*TASK ITEM*: Take the line containing "Halsband + Leine 'Creme Cord'" and every line after it to the end of the records, and copy them exactly, excluding pictures.
######
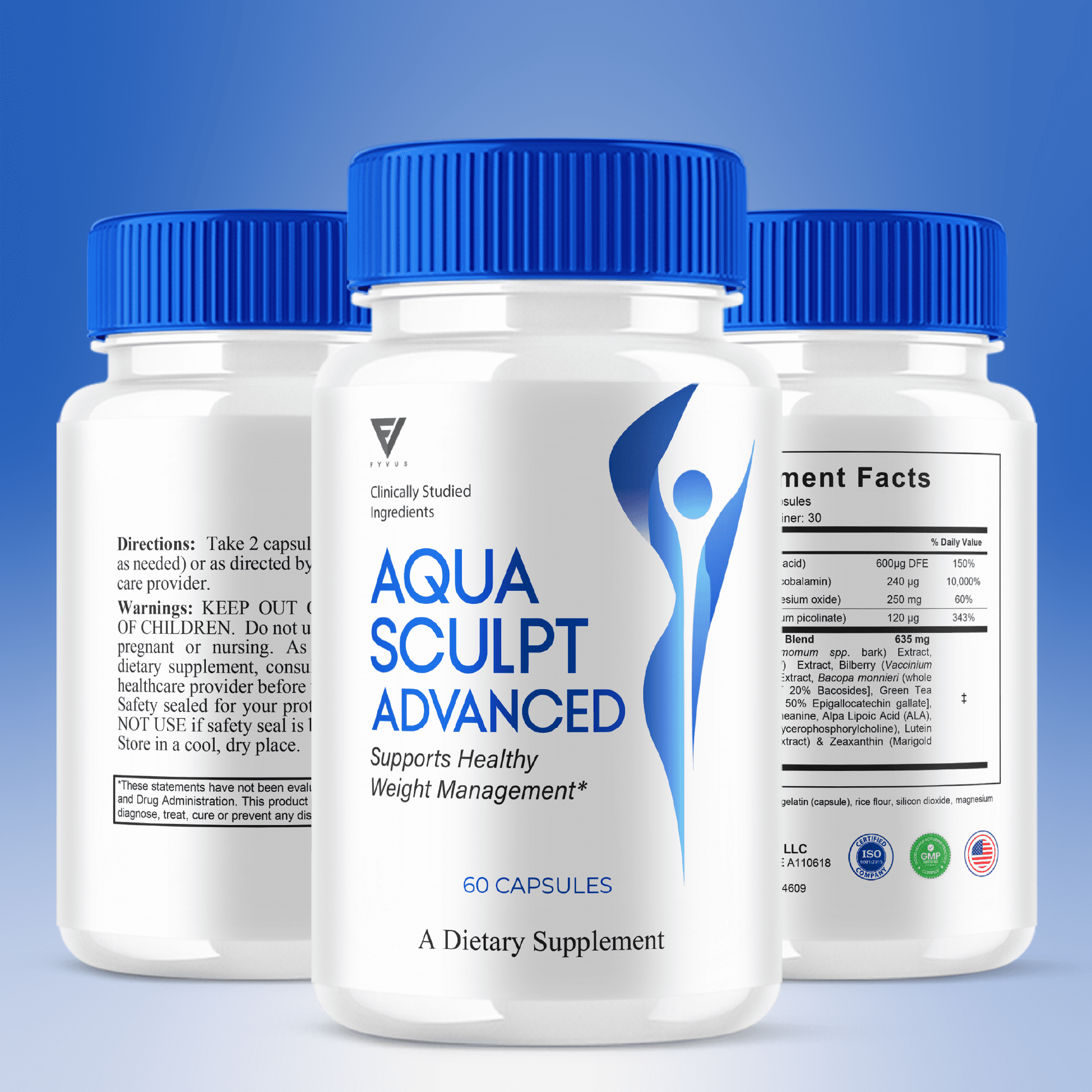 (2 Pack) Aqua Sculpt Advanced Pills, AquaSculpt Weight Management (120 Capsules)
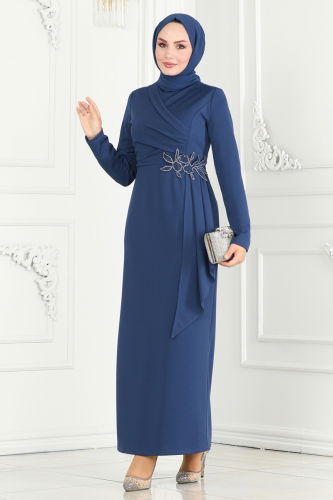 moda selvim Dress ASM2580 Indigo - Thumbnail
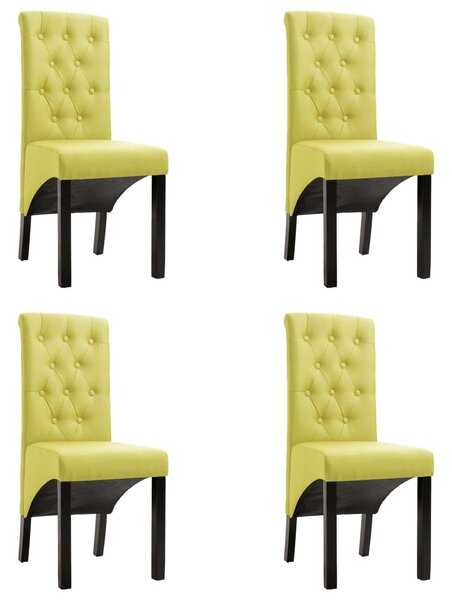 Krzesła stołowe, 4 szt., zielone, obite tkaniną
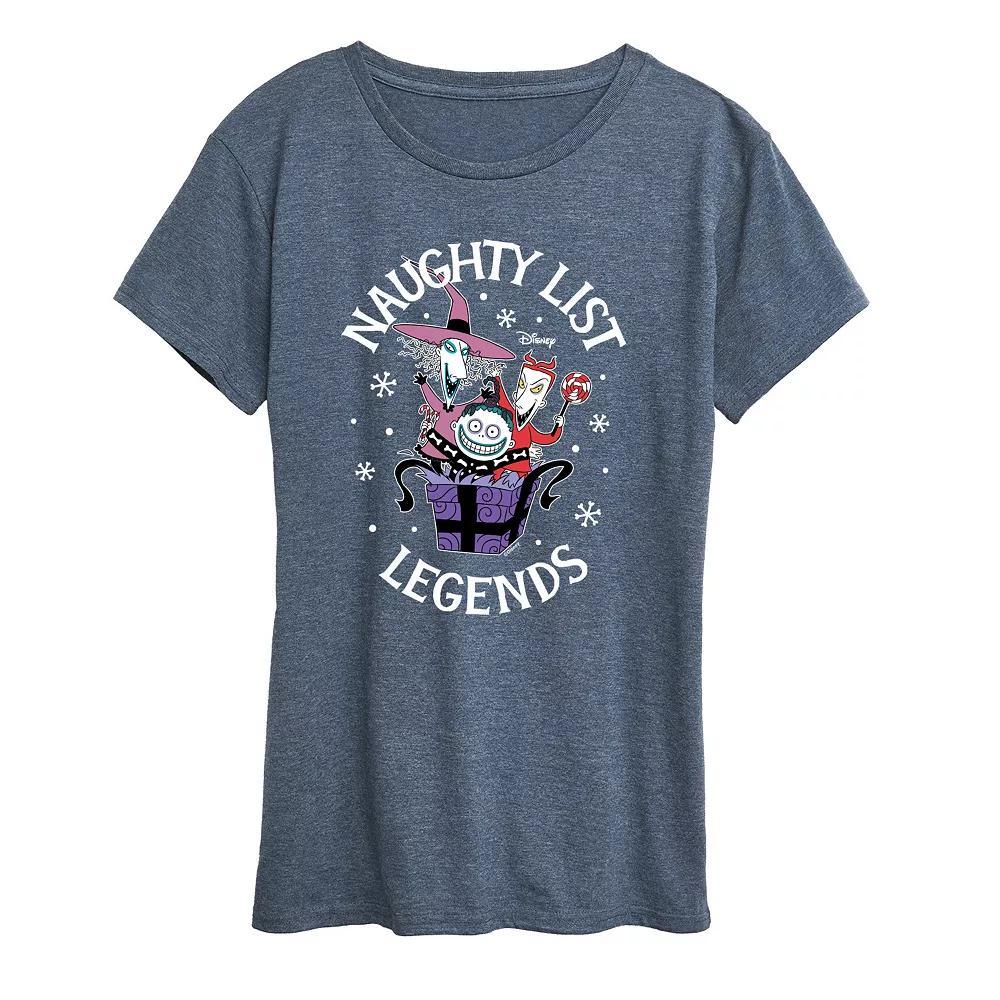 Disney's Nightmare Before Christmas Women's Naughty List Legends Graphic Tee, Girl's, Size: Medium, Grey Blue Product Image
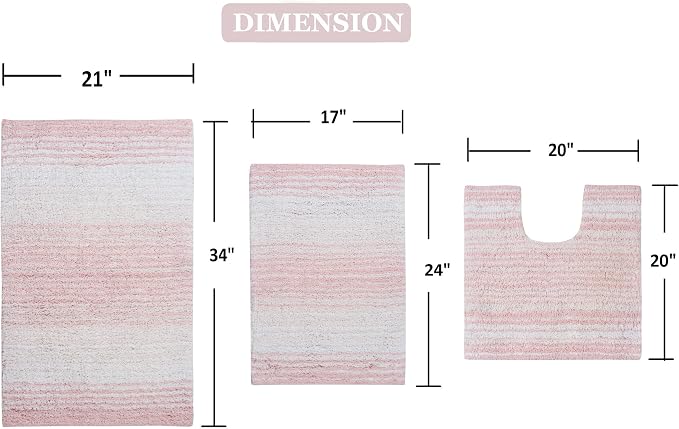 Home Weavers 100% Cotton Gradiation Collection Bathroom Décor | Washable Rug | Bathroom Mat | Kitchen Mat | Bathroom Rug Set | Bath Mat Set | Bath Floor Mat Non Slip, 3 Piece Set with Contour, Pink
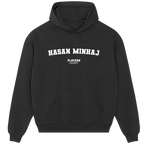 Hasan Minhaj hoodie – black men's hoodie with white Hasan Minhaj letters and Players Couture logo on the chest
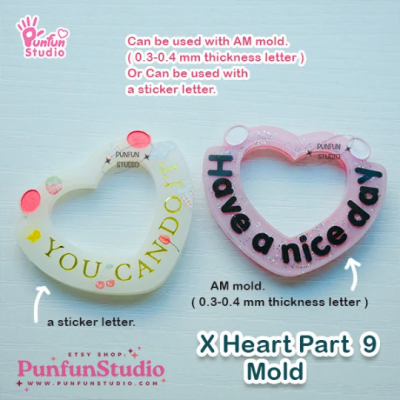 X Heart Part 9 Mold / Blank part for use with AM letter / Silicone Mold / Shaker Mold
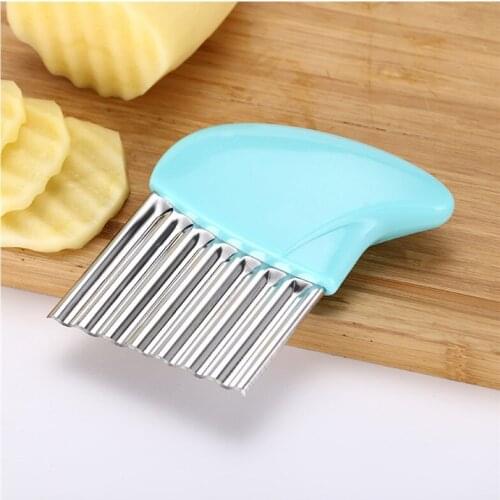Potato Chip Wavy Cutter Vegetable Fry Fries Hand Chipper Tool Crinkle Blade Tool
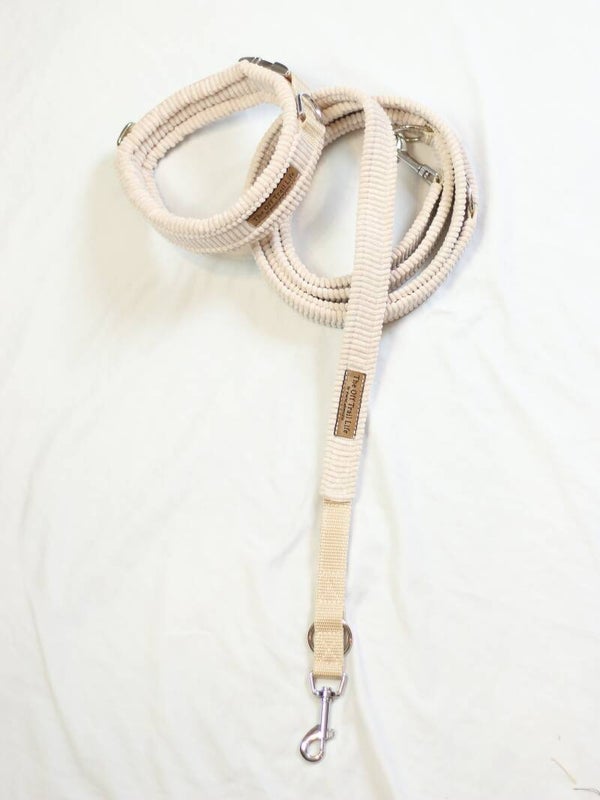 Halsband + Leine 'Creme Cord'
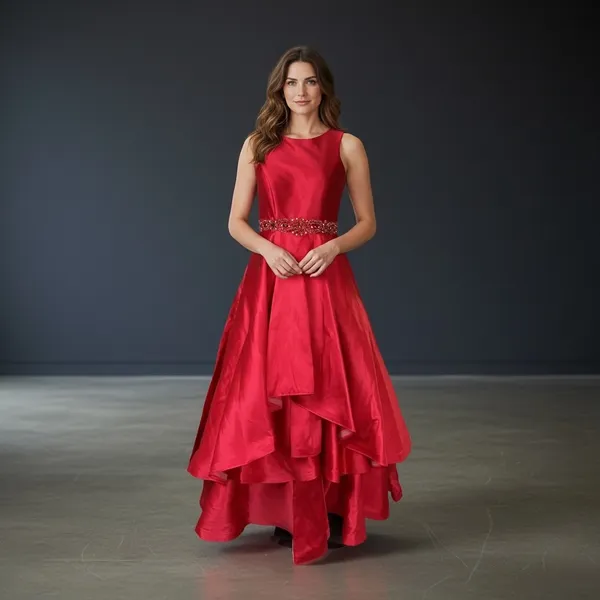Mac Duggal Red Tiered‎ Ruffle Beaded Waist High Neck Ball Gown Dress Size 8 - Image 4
######
*EXERCISE SOLUTION*:
 Halsband + Leine 'Creme Cord'
Mac Duggal Red Tiered‎ Ruffle Beaded Waist High Neck Ball Gown Dress Size 8 - Image 4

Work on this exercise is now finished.